Dean’s Message

Risa Goluboff

A recurring theme over the past 18 months has been how the COVID-19 pandemic has warped our sense of time. Lockdowns brought everything to a halt, and we are still figuring out how to resume the pace of life and work during, and hopefully soon after, the pandemic.

In other ways, though, time — and change over time — has accelerated. That has been particularly true when it comes to the role of technology in our lives. The pandemic has required us to do so much more online than we ever have before — from classes and conferences to business meetings and judicial hearings to birthdays, weddings and holidays. In turn, online privacy, cybersecurity and related issues have become ever more pressing.

In this issue of UVA Lawyer, we explore the many ways the Law School and its alumni are responding to the challenges presented by our society’s increased (and still increasing) reliance on technology. You will hear from faculty and alumni who advise businesses and government agencies on an array of data privacy and cybersecurity issues. By developing data breach response plans, analyzing companies’ security performance, and probing the intersection of cybersecurity and international law, UVA lawyers are shaping the frontiers of the field.

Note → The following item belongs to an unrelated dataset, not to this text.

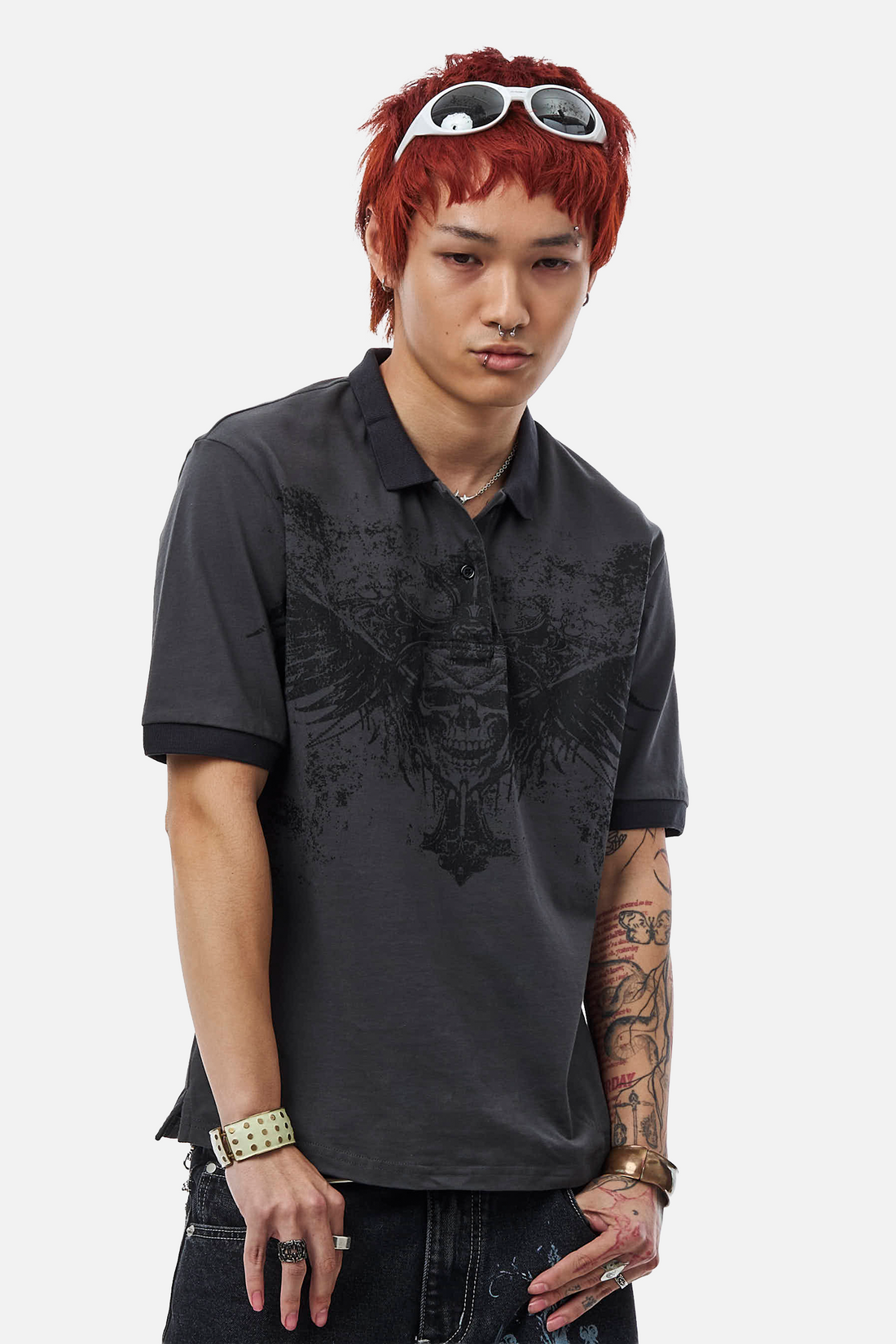Model in the Banished Polo, three-quarter view showing the winged skull print and black trim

The Law School also launched a new LawTech Center this year, with Professor Danielle Citron serving as inaugural director. The center will address the important legal, ethical and policy questions implicated by the proliferation of technology; the use of computational tools, such as natural language processing, to understand the law and legal institutions; and the crucial and complex deployment of technology in the practice of law. The LawTech Center will bring together scholars across a host of fields exploring these questions — from national security to civil rights, from antitrust to corporate law, from environmental law to legal philosophy. This new center will better enable affiliated faculty to shape law and policy, facilitate cutting-edge scholarship, prepare our students for the technologies they will encounter in the legal profession, and forge connections between the Law School and those practicing at the nexus of law and technology.

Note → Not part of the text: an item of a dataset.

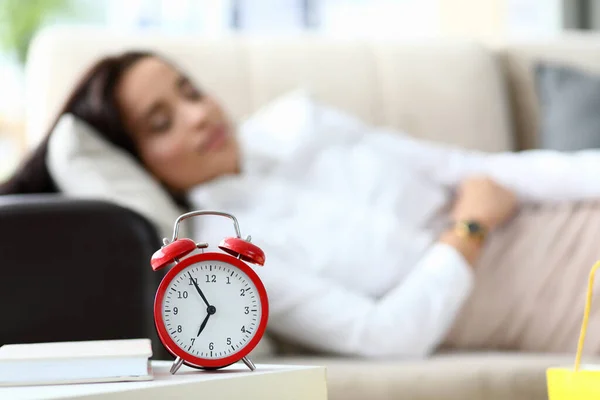 Girl is tired and lies on table an alarm clock — Stock Photo, Image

In real — as opposed to virtual — life, UVA Law also continues to thrive. We are, as always, defined by our people and our relationships to each other. As we returned to fully in-person operations this fall, we welcomed a new 1L class that is both the most highly credentialed and the most racially diverse in our history. Over the past two years, we have also welcomed a record-breaking 17 new professors to our tenure-line faculty — brilliant scholars and generous teachers all. Our four most recent hires are profiled in these pages. We also applaud the accomplishments of our students and of alumni at all stages of their careers — including 114 new law clerks, three new members of the American Law Institute, several new judges and executive branch leaders, and a new commissioner of a Power Five NCAA conference.

As we continue to navigate the challenges facing us, we rejoice in our renewed ability to learn and work together, we celebrate the accomplishments of our colleagues, and we remain grateful to our friends and alumni who make it all possible.